Directions: The line containing "2862 Fowler Avenue" marks the end, so write out exactly every line from the top of the entries below through that one.

☆ ☆ ☆ ☆ ☆

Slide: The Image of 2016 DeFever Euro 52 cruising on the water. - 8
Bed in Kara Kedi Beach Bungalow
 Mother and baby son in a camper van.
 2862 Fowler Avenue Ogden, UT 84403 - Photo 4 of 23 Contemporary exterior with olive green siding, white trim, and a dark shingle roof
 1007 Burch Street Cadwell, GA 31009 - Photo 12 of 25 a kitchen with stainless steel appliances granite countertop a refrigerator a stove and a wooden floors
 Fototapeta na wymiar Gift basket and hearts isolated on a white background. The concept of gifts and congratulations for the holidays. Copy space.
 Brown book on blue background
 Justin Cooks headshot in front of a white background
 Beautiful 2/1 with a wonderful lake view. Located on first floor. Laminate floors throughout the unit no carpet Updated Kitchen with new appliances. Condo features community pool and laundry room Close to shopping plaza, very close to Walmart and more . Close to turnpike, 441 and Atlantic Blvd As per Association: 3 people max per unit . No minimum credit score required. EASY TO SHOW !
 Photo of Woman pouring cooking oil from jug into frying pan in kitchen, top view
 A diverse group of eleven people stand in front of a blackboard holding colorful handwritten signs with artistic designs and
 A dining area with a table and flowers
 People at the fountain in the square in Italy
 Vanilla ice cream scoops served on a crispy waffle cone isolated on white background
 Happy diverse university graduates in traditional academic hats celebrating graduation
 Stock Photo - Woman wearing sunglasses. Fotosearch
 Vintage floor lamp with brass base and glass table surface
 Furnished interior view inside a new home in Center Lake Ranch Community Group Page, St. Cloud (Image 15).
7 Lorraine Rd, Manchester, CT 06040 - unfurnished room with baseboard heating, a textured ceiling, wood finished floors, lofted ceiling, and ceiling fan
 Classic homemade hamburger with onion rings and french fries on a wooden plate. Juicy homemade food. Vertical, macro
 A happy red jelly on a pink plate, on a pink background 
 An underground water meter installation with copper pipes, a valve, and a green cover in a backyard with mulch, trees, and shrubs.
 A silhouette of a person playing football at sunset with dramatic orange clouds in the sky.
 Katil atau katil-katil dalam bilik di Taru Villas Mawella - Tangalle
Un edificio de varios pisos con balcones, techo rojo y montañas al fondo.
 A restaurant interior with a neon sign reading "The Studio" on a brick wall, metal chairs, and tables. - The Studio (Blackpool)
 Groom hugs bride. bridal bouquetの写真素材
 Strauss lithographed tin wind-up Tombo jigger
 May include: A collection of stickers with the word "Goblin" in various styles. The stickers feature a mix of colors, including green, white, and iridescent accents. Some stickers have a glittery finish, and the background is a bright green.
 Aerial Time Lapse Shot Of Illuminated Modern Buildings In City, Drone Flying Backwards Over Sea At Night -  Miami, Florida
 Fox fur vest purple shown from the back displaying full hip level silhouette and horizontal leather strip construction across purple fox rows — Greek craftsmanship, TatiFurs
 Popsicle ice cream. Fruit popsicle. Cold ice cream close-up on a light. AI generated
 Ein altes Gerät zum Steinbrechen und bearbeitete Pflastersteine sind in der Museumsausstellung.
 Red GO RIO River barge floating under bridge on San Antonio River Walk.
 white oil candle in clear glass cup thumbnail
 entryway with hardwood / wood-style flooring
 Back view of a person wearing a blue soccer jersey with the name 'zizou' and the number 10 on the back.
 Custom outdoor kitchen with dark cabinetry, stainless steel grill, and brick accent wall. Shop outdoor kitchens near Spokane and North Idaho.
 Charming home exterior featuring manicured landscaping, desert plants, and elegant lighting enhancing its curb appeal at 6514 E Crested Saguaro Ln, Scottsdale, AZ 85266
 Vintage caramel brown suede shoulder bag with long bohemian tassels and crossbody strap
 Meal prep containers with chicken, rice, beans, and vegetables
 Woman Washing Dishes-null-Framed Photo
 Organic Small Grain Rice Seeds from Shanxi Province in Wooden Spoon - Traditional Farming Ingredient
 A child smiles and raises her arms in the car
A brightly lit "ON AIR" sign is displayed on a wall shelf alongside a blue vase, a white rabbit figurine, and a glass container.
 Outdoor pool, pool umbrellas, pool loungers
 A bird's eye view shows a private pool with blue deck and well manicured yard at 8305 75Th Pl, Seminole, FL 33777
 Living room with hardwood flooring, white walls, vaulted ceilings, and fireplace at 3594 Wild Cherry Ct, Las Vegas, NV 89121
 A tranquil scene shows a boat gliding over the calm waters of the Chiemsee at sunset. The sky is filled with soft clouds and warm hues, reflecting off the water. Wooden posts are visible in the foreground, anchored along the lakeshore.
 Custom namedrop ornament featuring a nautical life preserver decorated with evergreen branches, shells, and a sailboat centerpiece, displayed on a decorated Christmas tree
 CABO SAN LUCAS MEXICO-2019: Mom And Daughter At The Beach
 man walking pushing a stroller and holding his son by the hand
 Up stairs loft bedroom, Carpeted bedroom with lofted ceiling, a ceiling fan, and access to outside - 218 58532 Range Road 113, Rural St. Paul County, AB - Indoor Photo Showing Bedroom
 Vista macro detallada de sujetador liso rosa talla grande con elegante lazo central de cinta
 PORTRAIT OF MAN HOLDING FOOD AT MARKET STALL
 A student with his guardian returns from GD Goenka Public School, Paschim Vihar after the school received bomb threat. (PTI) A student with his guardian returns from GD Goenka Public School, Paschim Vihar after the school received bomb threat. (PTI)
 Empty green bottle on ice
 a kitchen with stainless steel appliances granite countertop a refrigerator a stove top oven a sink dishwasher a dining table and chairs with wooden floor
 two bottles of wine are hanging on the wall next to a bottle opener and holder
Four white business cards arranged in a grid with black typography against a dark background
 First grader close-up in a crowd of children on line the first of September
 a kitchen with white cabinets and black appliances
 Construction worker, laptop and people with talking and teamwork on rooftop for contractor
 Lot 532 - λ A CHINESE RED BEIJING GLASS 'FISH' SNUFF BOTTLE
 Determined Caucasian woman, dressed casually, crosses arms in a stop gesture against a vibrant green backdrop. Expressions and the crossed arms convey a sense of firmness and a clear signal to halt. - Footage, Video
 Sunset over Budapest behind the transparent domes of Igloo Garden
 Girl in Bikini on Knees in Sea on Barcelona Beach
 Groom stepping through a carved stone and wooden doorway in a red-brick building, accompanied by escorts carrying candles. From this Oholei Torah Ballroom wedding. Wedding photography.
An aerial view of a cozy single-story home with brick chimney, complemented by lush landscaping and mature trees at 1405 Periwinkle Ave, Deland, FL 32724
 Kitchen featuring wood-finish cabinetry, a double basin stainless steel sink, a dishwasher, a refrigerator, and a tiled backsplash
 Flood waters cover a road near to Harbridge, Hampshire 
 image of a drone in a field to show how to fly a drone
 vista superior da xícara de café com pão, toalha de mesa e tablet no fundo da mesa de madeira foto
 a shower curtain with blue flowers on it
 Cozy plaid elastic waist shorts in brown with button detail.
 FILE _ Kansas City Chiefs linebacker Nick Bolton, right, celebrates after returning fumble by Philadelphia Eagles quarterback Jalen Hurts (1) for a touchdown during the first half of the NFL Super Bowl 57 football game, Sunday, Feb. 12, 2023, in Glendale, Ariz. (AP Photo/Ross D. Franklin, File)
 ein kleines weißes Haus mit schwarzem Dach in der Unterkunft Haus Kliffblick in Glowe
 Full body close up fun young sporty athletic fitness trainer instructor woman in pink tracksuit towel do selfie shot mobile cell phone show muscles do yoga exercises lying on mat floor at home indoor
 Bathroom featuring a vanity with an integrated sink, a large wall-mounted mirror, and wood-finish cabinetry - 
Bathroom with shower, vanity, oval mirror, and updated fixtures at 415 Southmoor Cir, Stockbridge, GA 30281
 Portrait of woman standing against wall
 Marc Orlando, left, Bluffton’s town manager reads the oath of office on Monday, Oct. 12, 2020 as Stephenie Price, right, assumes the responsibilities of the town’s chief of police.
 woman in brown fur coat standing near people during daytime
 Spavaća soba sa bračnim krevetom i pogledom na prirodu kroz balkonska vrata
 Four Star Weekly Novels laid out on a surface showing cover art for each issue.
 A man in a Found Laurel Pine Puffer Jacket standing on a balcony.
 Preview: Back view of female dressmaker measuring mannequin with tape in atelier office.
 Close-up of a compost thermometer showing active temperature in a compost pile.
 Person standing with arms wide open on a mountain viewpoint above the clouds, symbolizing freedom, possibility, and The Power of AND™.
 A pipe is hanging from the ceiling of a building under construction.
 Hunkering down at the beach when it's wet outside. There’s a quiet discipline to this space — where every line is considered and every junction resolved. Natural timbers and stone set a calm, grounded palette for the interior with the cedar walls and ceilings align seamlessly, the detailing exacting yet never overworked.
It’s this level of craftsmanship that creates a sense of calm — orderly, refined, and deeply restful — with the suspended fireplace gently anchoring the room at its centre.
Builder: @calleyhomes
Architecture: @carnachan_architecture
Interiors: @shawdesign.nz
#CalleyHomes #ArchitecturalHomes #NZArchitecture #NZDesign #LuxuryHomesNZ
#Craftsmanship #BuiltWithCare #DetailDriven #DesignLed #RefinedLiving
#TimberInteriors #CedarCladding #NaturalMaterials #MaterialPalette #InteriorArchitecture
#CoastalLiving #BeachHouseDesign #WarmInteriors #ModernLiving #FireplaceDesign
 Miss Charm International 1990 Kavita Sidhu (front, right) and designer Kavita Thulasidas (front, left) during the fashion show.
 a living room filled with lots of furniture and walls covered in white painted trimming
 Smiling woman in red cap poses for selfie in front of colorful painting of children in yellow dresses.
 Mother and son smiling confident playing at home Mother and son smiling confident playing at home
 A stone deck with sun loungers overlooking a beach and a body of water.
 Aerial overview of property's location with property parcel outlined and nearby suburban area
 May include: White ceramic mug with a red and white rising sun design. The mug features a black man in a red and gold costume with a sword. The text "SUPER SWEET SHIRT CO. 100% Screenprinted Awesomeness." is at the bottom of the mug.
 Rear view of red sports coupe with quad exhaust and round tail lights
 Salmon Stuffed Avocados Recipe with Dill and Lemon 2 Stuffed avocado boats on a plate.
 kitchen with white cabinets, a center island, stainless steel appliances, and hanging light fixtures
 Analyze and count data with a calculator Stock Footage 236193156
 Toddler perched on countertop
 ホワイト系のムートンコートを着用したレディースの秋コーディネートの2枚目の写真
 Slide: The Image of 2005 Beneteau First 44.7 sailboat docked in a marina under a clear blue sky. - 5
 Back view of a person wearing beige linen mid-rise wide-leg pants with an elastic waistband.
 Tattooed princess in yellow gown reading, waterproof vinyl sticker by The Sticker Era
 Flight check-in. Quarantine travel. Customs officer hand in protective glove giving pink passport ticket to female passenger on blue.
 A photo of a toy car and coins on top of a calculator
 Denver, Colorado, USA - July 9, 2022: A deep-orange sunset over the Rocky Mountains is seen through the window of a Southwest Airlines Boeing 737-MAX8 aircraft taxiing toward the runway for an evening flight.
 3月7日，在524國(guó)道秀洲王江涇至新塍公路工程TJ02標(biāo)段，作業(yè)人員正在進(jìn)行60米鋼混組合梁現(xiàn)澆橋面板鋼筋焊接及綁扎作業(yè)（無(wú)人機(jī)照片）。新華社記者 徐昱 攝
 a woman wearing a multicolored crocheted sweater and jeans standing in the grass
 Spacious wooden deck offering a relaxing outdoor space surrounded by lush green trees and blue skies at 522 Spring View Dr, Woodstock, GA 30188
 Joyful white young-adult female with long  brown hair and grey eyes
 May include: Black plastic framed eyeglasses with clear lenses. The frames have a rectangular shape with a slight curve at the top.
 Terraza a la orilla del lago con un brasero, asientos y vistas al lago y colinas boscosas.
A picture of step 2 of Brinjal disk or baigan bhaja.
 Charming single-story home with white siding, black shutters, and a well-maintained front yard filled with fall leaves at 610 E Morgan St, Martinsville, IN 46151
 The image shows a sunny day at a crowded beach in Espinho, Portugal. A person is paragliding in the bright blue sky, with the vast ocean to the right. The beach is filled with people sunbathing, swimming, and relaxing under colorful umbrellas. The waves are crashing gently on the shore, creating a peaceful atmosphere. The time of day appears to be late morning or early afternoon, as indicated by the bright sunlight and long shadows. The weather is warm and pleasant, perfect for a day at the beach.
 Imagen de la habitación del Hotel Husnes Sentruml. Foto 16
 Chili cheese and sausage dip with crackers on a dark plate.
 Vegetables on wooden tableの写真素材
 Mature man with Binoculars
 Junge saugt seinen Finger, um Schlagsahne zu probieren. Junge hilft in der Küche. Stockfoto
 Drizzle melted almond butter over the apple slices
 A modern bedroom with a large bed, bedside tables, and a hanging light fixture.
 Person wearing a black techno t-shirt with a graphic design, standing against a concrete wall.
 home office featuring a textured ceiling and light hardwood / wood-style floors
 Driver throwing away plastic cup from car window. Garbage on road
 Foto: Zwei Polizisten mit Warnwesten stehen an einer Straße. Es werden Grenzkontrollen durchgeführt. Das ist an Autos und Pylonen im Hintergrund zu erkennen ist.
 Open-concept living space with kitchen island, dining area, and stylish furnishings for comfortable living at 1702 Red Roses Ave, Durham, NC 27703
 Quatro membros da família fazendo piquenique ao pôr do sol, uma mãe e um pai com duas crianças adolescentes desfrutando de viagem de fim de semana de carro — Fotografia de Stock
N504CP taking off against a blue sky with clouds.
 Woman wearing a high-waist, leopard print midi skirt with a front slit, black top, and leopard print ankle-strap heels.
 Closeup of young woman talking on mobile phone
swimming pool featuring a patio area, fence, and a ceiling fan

☆ ☆ ☆ ☆ ☆

Answer for this exercise:
Slide: The Image of 2016 DeFever Euro 52 cruising on the water. - 8
Bed in Kara Kedi Beach Bungalow
 Mother and baby son in a camper van.
 2862 Fowler Avenue Ogden, UT 84403 - Photo 4 of 23 Contemporary exterior with olive green siding, white trim, and a dark shingle roof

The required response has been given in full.